§ Task to complete
What you return must match the data exactly, line for line.

§ Data for processing
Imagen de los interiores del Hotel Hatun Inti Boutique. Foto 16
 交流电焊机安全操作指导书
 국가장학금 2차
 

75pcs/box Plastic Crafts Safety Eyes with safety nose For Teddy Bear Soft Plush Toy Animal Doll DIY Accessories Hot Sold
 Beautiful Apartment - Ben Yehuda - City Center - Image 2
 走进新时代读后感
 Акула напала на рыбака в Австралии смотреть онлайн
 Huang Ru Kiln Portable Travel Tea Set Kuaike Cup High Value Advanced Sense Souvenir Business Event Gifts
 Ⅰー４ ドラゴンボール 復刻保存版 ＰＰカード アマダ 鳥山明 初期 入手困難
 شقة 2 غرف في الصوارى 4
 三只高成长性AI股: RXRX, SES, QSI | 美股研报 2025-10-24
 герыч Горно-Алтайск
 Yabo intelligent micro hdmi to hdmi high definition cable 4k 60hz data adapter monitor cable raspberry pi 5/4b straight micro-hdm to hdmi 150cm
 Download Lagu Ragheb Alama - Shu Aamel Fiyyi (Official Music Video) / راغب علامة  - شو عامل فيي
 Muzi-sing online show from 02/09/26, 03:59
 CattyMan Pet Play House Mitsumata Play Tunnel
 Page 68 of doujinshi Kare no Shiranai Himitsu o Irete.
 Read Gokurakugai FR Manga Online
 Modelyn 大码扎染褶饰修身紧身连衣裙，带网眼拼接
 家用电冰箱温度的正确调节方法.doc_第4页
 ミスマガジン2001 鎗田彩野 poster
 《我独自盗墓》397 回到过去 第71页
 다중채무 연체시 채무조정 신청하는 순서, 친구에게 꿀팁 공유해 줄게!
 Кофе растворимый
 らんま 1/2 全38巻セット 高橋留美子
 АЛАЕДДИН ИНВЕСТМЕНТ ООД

§ Task result
Imagen de los interiores del Hotel Hatun Inti Boutique. Foto 16
 交流电焊机安全操作指导书
 국가장학금 2차
 

75pcs/box Plastic Crafts Safety Eyes with safety nose For Teddy Bear Soft Plush Toy Animal Doll DIY Accessories Hot Sold
 Beautiful Apartment - Ben Yehuda - City Center - Image 2
 走进新时代读后感
 Акула напала на рыбака в Австралии смотреть онлайн
 Huang Ru Kiln Portable Travel Tea Set Kuaike Cup High Value Advanced Sense Souvenir Business Event Gifts
 Ⅰー４ ドラゴンボール 復刻保存版 ＰＰカード アマダ 鳥山明 初期 入手困難
 شقة 2 غرف في الصوارى 4
 三只高成长性AI股: RXRX, SES, QSI | 美股研报 2025-10-24
 герыч Горно-Алтайск
 Yabo intelligent micro hdmi to hdmi high definition cable 4k 60hz data adapter monitor cable raspberry pi 5/4b straight micro-hdm to hdmi 150cm
 Download Lagu Ragheb Alama - Shu Aamel Fiyyi (Official Music Video) / راغب علامة  - شو عامل فيي
 Muzi-sing online show from 02/09/26, 03:59
 CattyMan Pet Play House Mitsumata Play Tunnel
 Page 68 of doujinshi Kare no Shiranai Himitsu o Irete.
 Read Gokurakugai FR Manga Online
 Modelyn 大码扎染褶饰修身紧身连衣裙，带网眼拼接
 家用电冰箱温度的正确调节方法.doc_第4页
 ミスマガジン2001 鎗田彩野 poster
 《我独自盗墓》397 回到过去 第71页
 다중채무 연체시 채무조정 신청하는 순서, 친구에게 꿀팁 공유해 줄게!
 Кофе растворимый
 らんま 1/2 全38巻セット 高橋留美子
 АЛАЕДДИН ИНВЕСТМЕНТ ООД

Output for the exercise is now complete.